PAR MARC SCHINDLER
La Suisse a bien de la chance d’avoir un ministre de la santé comme Alain Berset. Le socialiste de 48 ans est devenu le chauve le plus célèbre du pays. Le sourcil noir, le sourire un peu carnassier, le verbe vif, il incarne le père de la nation au temps du Covid-19. Il rassure les Suisses avec cette formule pour la fin du confinement : « Nous souhaitons agir aussi vite que possible, mais aussi lentement que nécessaire ». La communication en temps de crise, on dirait que Berset est tombé dedans. Pour faire passer son message aux Suisses – ensemble et solidaires – il a lancé à Roger Federer le défi de raconter ce qu’il faisait avec un hashtag. Et le ministre hilare est apparu en T-shirt!
La Suisse découvre que son gouvernement collégial, moqué pour sa lenteur, reste soudé et qu’il sait prendre des décisions. Pas facile dans un pays où les cantons ont la main sur la santé. Ça a un peu grincé quand le Tessin a voulu fermer ses frontières aux travailleurs italiens ou quand Genève a exigé la fermeture des chantiers. Ça a même secoué quand l’UDC, le parti xénophobe proche des patrons, a exigé qu’on relance l’économie, dans un pays où le gouvernement ne s’occupe pas des affaires. Daddy Berset a pris son bâton de pèlerin pour rassembler ses ouailles sous l’autorité fédérale. Il la joue modeste : « On fait face à un nouveau virus, on en apprend tous les jours et il faut beaucoup de modestie pour prendre les bonnes mesures ». Il a à ses côtés un haut fonctionnaire spécialiste des virus, Daniel Koch, au physique d’ascète, à la parole rare, qui explique que « le problème est loin d’être résolu… on manque de données sur les personnes guéries ». Une des règles de base de la communication : quand on ne sait pas, on le dit!

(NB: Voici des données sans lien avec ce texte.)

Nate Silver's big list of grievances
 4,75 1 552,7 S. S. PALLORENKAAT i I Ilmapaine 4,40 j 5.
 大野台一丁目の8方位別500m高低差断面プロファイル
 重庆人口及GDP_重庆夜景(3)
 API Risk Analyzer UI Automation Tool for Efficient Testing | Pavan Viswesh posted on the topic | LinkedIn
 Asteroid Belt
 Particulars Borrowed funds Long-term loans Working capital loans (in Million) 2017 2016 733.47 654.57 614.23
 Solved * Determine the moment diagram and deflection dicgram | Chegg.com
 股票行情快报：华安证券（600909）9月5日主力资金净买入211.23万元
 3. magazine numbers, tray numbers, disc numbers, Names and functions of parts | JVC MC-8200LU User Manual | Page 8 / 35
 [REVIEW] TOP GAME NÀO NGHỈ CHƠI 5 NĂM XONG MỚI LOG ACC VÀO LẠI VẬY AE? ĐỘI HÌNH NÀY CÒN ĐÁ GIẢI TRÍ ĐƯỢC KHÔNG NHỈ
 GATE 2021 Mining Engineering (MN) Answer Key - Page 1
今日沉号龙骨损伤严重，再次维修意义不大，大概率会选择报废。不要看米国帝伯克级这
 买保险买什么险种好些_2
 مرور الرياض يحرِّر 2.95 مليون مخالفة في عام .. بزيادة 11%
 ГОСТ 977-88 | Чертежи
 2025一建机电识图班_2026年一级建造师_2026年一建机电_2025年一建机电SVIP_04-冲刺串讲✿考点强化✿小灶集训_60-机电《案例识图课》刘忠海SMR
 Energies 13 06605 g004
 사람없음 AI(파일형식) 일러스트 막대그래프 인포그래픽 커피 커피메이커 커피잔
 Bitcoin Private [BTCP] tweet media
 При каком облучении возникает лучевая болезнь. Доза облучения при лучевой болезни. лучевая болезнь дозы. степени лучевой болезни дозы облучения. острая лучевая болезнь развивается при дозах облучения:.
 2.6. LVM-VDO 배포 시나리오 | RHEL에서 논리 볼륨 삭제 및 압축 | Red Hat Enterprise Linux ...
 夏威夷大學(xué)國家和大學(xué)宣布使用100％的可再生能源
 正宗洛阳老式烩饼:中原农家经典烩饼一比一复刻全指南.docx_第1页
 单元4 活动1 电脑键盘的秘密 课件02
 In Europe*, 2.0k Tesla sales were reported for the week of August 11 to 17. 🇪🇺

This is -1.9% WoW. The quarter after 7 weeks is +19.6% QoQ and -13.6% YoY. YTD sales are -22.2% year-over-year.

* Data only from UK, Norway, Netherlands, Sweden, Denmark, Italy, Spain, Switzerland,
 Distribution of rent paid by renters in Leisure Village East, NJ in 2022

Les conférences de presse du Conseil fédéral n’ont rien d’un show télévisé. Dans une salle de presse dépouillée, trois membres du gouvernement exposent la stratégie gouvernementale : la présidente, l’omniprésent Berset et, à tour de rôle, les ministres de l’économie et de la défense. Et puis une brève interview en plusieurs langues à la presse, à la radio et à la TV. Il y a longtemps que le gouvernement suisse a mis au point une stratégie de communication : dans un Etat fédéral, pour imposer le même régime à tous, il faut impliquer les cantons, les partis politiques, les syndicats et le patronat. Certains renâclent, mais la Suisse marche au même pas et les conférences de presse sont suivies par un Suisse sur dix sur YouTube.
On est loin de la déclaration de guerre au virus, proclamée par le président Macron et de ses interminables déclarations télévisées. Rien à voir non plus avec les consternantes prises de position quotidiennes du directeur général de la santé, qui aligne comme des perles les chiffres des hospitalisations et des morts. Sans inscrire ces données sur l’écran, mais avec un interprète en langue des signes. Vous retenez quelque chose de cette avalanche de chiffres, vous ? Sans parler de l’indigeste conférence du premier ministre et de son ministre de la santé, 150 minutes de justifications égayées de quelques tableaux illisibles. Il n’y a vraiment personne au gouvernement français pour expliquer aux ministres que l’important, dans la communication, ce n’est pas ce que vous dites, mais ce que je comprends ? Qu’une image vaut mille mots, qu’il existe des techniques graphiques employées par tous les experts pour faire passer le message ? Non, la France est le pays du verbe. L’important, c’est la déclaration solennelle du président : « Notre nation se tient debout, solidaire ». C’est la promesse du premier ministre qu’on s’occupe du problème : les masques, on les a commandés! Les respirateurs, c’est comme si c’était fait! Le déconfinement, on y travaille!
Etonnez-vous après ça que 35% seulement des Français fassent confiance au gouvernement, alors que 60% des Allemands soutiennent leur chancelière et 64% des Britanniques, leur premier ministre. Emmanuel Macron aurait peut-être dû relire le regretté Frédéric Dard, pourtant un champion du verbe : « Parler est le plus moche moyen de communication. L’homme ne s’explique pleinement que par ses silences ».